For the first case that can be solved by adding a non-capturing group for the part you want to ignore, and require that group to occur 0 or 1 times (?):
loginID=(?:[^\/]+\/)?(?<userid>\S*)
https://regex101.com/r/DO74m7/1
Second case (trick is to end the capturing group for the domain with a \w, to prevent it from grabbing the .):
relay=(?<dest_domain>.*\w+)[\.\s]+\[(?<dest_ip>[^\]]+)
For the first case that can be solved by adding a non-capturing group for the part you want to ignore, and require that group to occur 0 or 1 times (?):
loginID=(?:[^\/]+\/)?(?<userid>\S*)
https://regex101.com/r/DO74m7/1
Second case (trick is to end the capturing group for the domain with a \w, to prevent it from grabbing the .):
relay=(?<dest_domain>.*\w+)[\.\s]+\[(?<dest_ip>[^\]]+)

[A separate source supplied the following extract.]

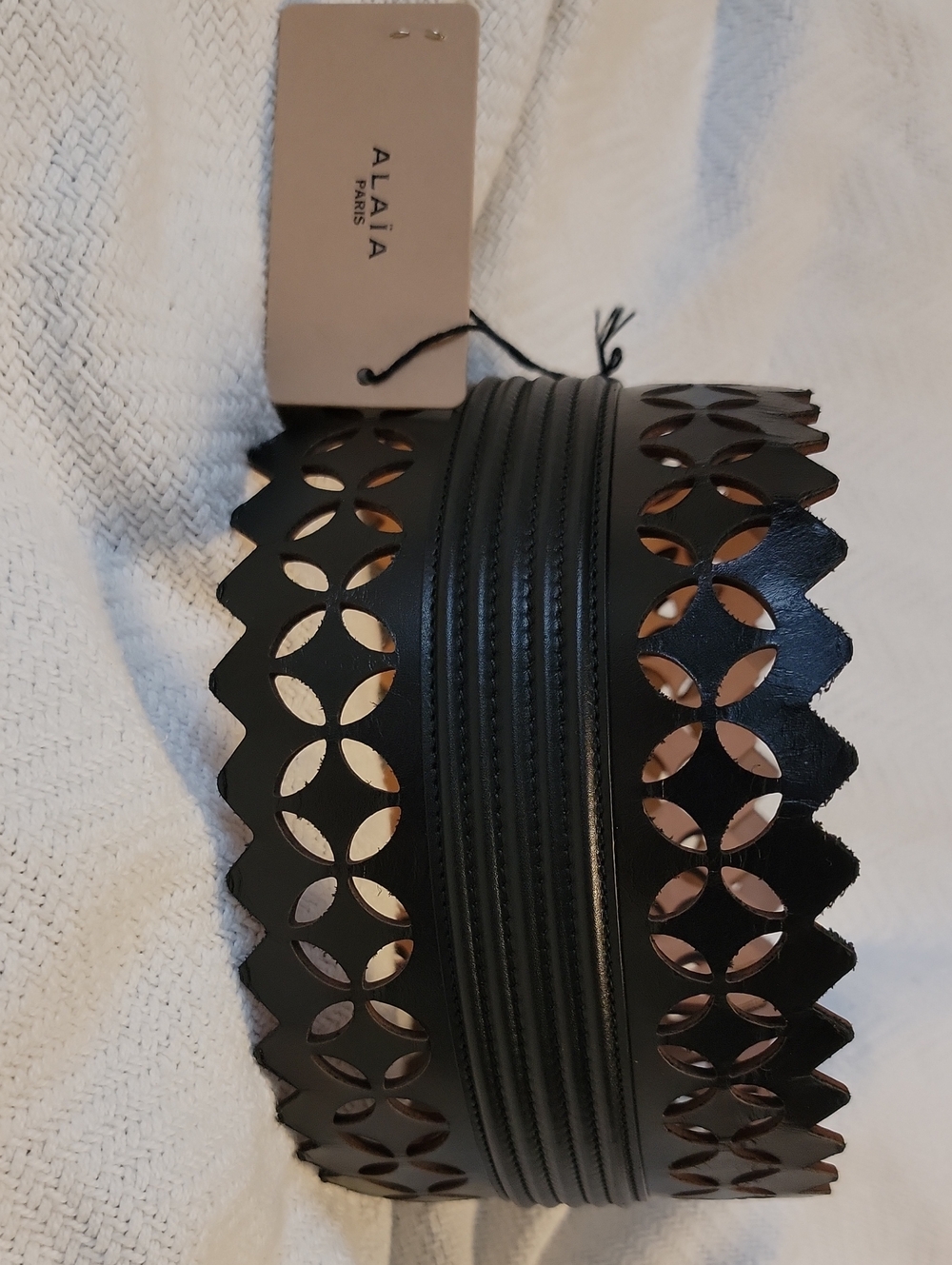Alaïa Black Petal Laser-Cut Corset Wide Leather Waist Belt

Thank you! The second one worked flawlessly. The first one is not picking up logs where the domain is missing, such as below or simply: loginid=userid. What is being matched in these cases is 'xml' from text/xml. Is there still hope? Thanks in advanced!

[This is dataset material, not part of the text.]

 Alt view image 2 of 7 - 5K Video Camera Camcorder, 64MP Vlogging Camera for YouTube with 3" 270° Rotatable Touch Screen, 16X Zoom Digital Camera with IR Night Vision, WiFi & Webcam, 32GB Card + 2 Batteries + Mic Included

Jan 1 09:35:37 10.10.10.10 CEF:0|Appliance|Security|8.4.0|121|Transaction permitted|1| act=permitted app=http dvc=10.10.10.10 dst=1.1.1.1 dhost=dict.buttercup-shopping.com dpt=80 src=10.20.30.40 spt=20912 suser=LDAP://usldap.s.buttercup-games.com OU\=J,OU\=C,OU\=Users,OU\=A,DC\=s,DC\=buttercup-games,DC\=com/FirstName LastName loginID=bcs234 destinationTranslatedPort=28213 rt=1529393737 in=395 out=848 requestMethod=GET requestClientApplication=buttercup-shopping Desktop Dict (Windows NT 6.1) reason=- cs1Label=Policy cs1=Super Administrator**Domain Base,Super Administrator**s Default cs2Label=DynCat cs2=0 cs3Label=ContentType cs3=text/xml; charset\=utf-8 cn1Label=DispositionCode cn1=1026 cn2Label=ScanDuration cn2=0 request=http://site.com/fsearch?keyfrom\=sdf.setqw.cd.http.0&q\=%20N&pos\=1&doctype\=xml&xmlVersion\=3.2&dogVersion\=1.0&client\=deskdict&id\=0ef47d7cdd3941d96&vendor\=qiang.buttercup-shopping&in\=buttercup-shoppingDictFull&appVer\=6.3.69.8341&appZengqiang\=1&abTest\=8&le\=eng&scradv\=1&wstate\=yes<H\=890&LWH\=0&LSDH\=-1&proc\=some.exe&headTxt\=2B05
Problem is that there is a /
somewhere down the line, that causes my regex to look in the wrong place.
This should fix that (added a \s
to prevent it from reading beyond whitespace):
loginID=(?:[^\/\s]+\/)?(?<userid>\S*)
That worked! You are a true RegEx genius! Thank you very much!